| Problem to solve |
Would you copy every record exactly as it stands and drop the pictures?

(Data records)
*** Block opens ***

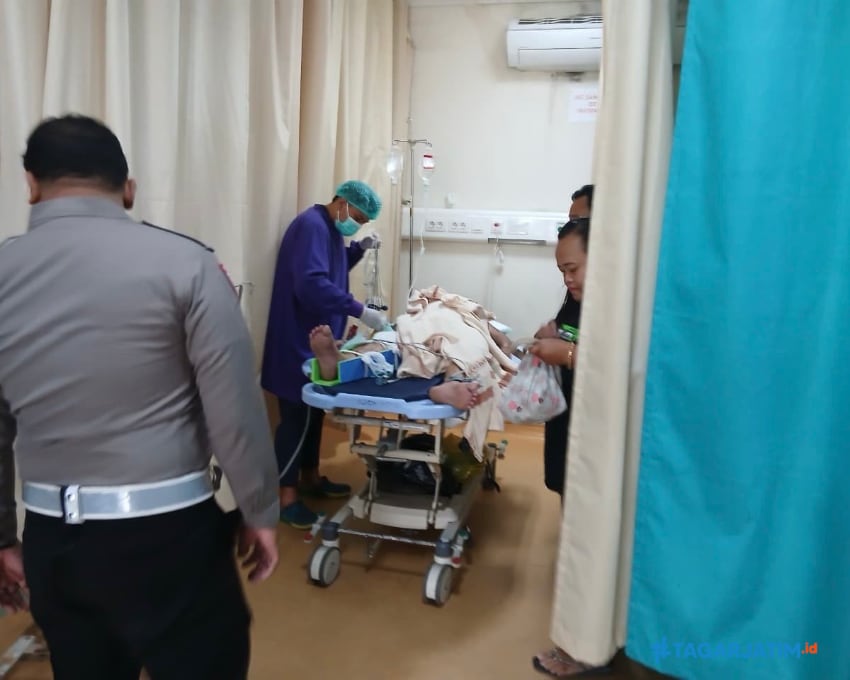 Adu Banteng, Pemotor Terkapar Hantam Truk di Jalur Nasional Blitar Kediri 7 Adu Banteng, Pemotor Terkapar Hantam Truk di Jalur Nasional Blitar Kediri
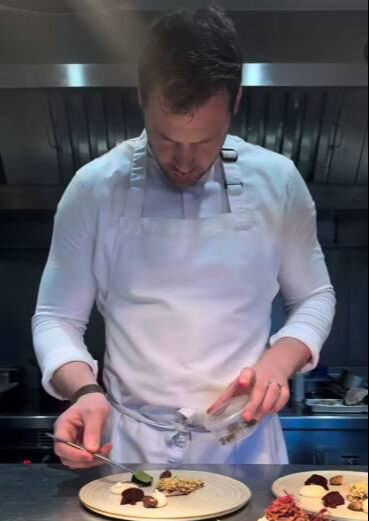 Michelin yıldızlı şefe büyük vurgun! 1 tonluk turtasını çalan hırsızlara çağrıda bulundu Michelin yıldızlı şefe büyük vurgun! 1 tonluk turtasını çalan hırsızlara çağrıda bulundu - 1. Resim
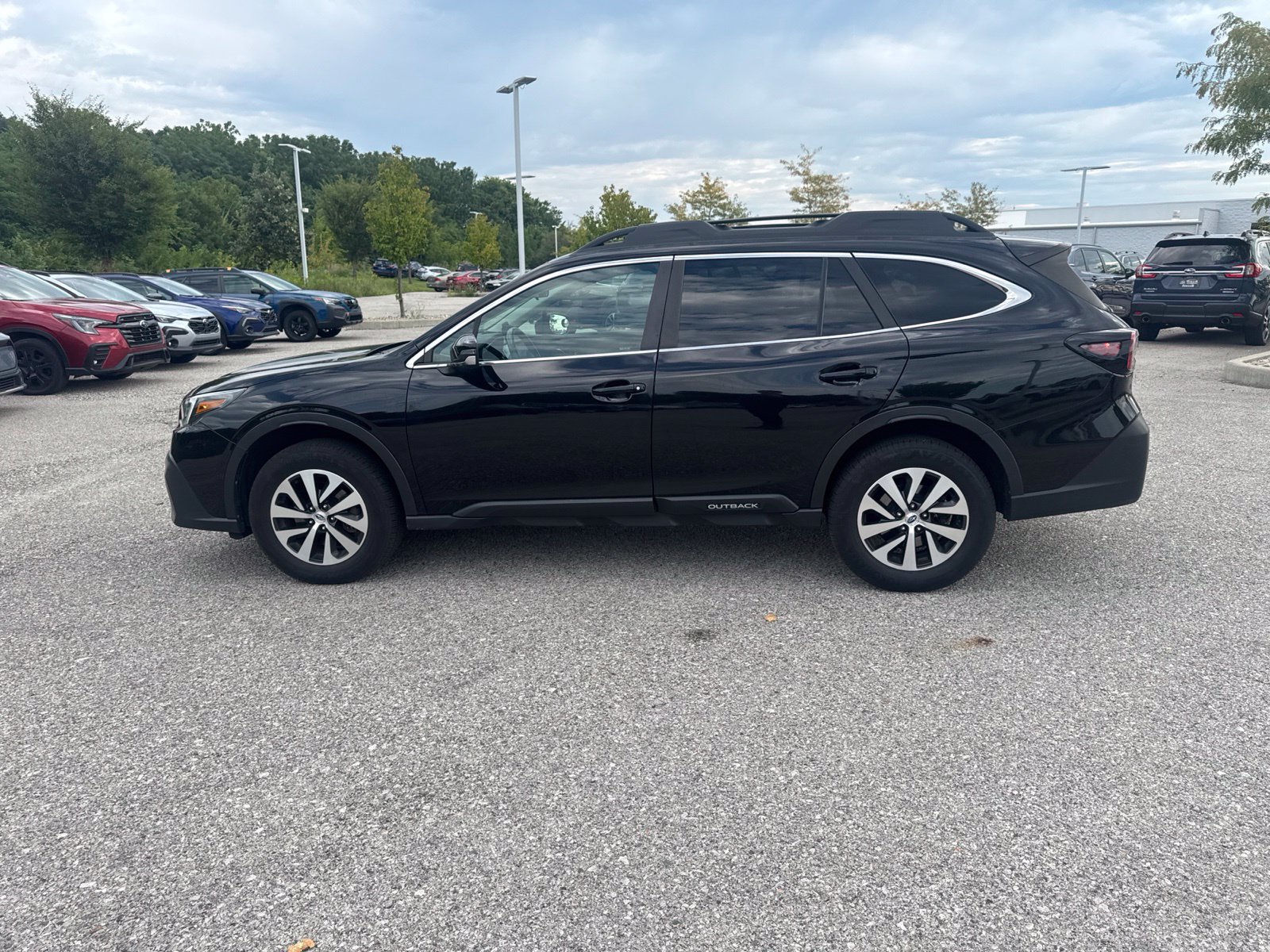 Used 2022 Subaru Outback Premium AWD/4WD image 11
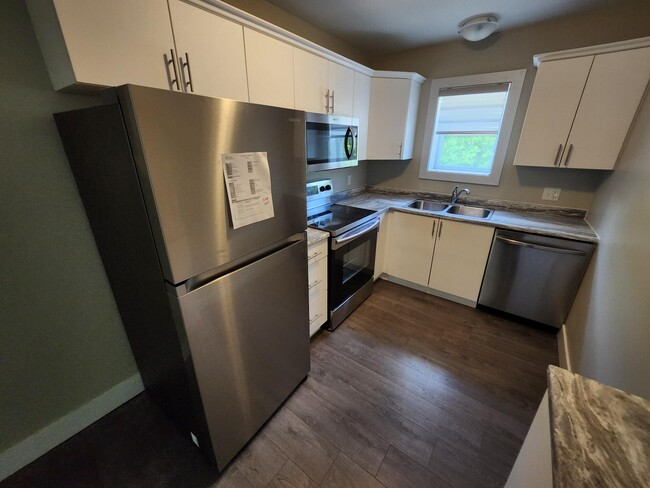 4 Mitchell St in Saint John, NB - Building Photo - Building Photo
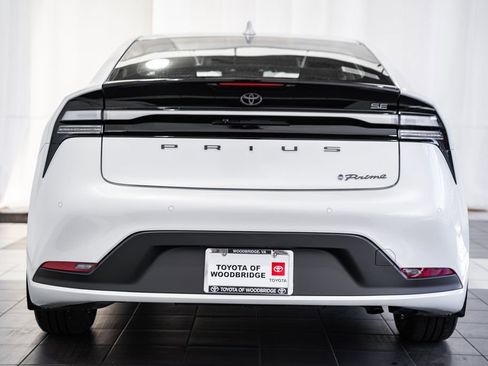 Used 2024 Toyota Prius Prime SE image 5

*** Block closes ***

| Answer space |
 Adu Banteng, Pemotor Terkapar Hantam Truk di Jalur Nasional Blitar Kediri 7 Adu Banteng, Pemotor Terkapar Hantam Truk di Jalur Nasional Blitar Kediri
 Michelin yıldızlı şefe büyük vurgun! 1 tonluk turtasını çalan hırsızlara çağrıda bulundu Michelin yıldızlı şefe büyük vurgun! 1 tonluk turtasını çalan hırsızlara çağrıda bulundu - 1. Resim
 Used 2022 Subaru Outback Premium AWD/4WD image 11
 4 Mitchell St in Saint John, NB - Building Photo - Building Photo
 Used 2024 Toyota Prius Prime SE image 5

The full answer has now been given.